L’ACI disposerait-elle à nouveau des capacités réelles pour continuer ce chantier titanesque avec un investissement aussi lourd ? La question se pose et mérite d’être soulevée lorsqu’on est au courant des difficultés du gouvernement et de l’administration publique, en général, à conduire efficacement et à bon terme la plupart des chantiers ouverts depuis quelques années. Elle se pose davantage à voir de près les difficultés de l’Etat à gérer des entreprises relevant du secteur de production de richesses.

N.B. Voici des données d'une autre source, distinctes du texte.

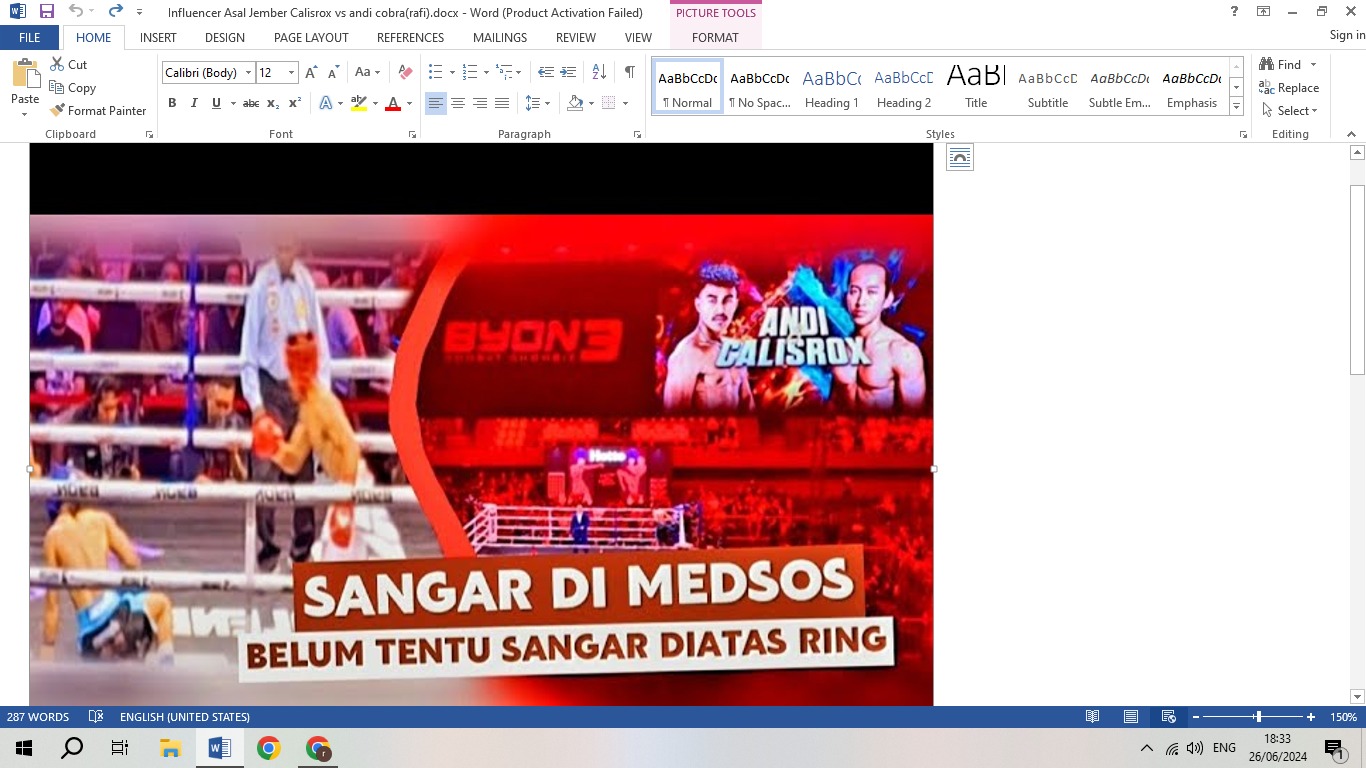 Pertarungan di Byon Combat Showbiz Vol.3. Viki Calisrox, influencer terkenal asal Jember,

Il n’y a plus de doute sur la nécessité de vendre ce joyau hôtelier pour qu’il puisse être achevé par des privés pour accueillir les participants du sommet France-Afrique que notre pays doit abriter en 2016.
Des doutes qui subsistent
Serait-ce un défi pour la direction de l’agence de cessions immobilières de tenir le challenge ? Si oui alors pourquoi les travaux sont aux arrêts depuis belle lurette ? Il convient pourtant de constater que dans un tel enjeu, les dirigeants semblent se substituer aux investisseurs privés. Beaucoup de pays au monde ont compris aujourd’hui que la promotion de certains secteurs vitaux de leurs économies relève plus du privé que de la gestion des acteurs du public. Le tourisme fait partie de ces secteurs dévolus à des investisseurs privés et l’expérience malienne elle-même le prouve à plus d’un exemple. Il n’y a qu’à voir combien aujourd’hui certains hôtels rehaussent la ville de Bamako et y attirent des visiteurs de toutes origines tout au long de l’année. Si ce projet de complexe hôtelier bat de l’aile depuis sa conception jusqu’à ce jour, c’est peut-être aussi à cause de la gloutonnerie des responsables de l’ACI. Car, avec tous les sous que cette société brasse, il est inadmissible qu’un tel projet ne puisse pas être achevé dans un laps de temps.
Un développement plus respectueux de ce que les gens attendent Tout ouvrage de développement, même hôtelier, doit partir avant tout des besoins et des attentes et capacités des Maliens eux-mêmes à y accéder pour leurs loisirs et pour le tourisme. Au regard des enjeux actuels, l’État malien devrait normalement accompagner le secteur privé dans la prise en compte des besoins et des attentes des Maliens pour l’investissement. Il n’est pas concevable qu’en même temps l’Etat prétend privatiser, le même État, en plein cœur du processus de décentralisation, prenne à nouveau le rôle de promoteur et se substitue aux acteurs du privé, à moins qu’ils soient absolument défaillants.
De là, les intérêts du pays sont en déficit continuel. Car, quelle gestion l’Etat garantit-il à de telles infrastructures hôtelières si l’existant dans ce domaine est difficile à reconstituer? Les cas de l’hôtel Amitié, Grand Hôtel de Bamako évoquent des souvenirs et même des actualités en ce qui concerne les difficultés de gestion par l’Etat malien des unités de l’industrie hôtelière. Il ne semble donc pas réaliste que l’Etat ambitionne d’investir dans ce secteur où il a fait ses preuves d’insuccès pendant plusieurs décennies.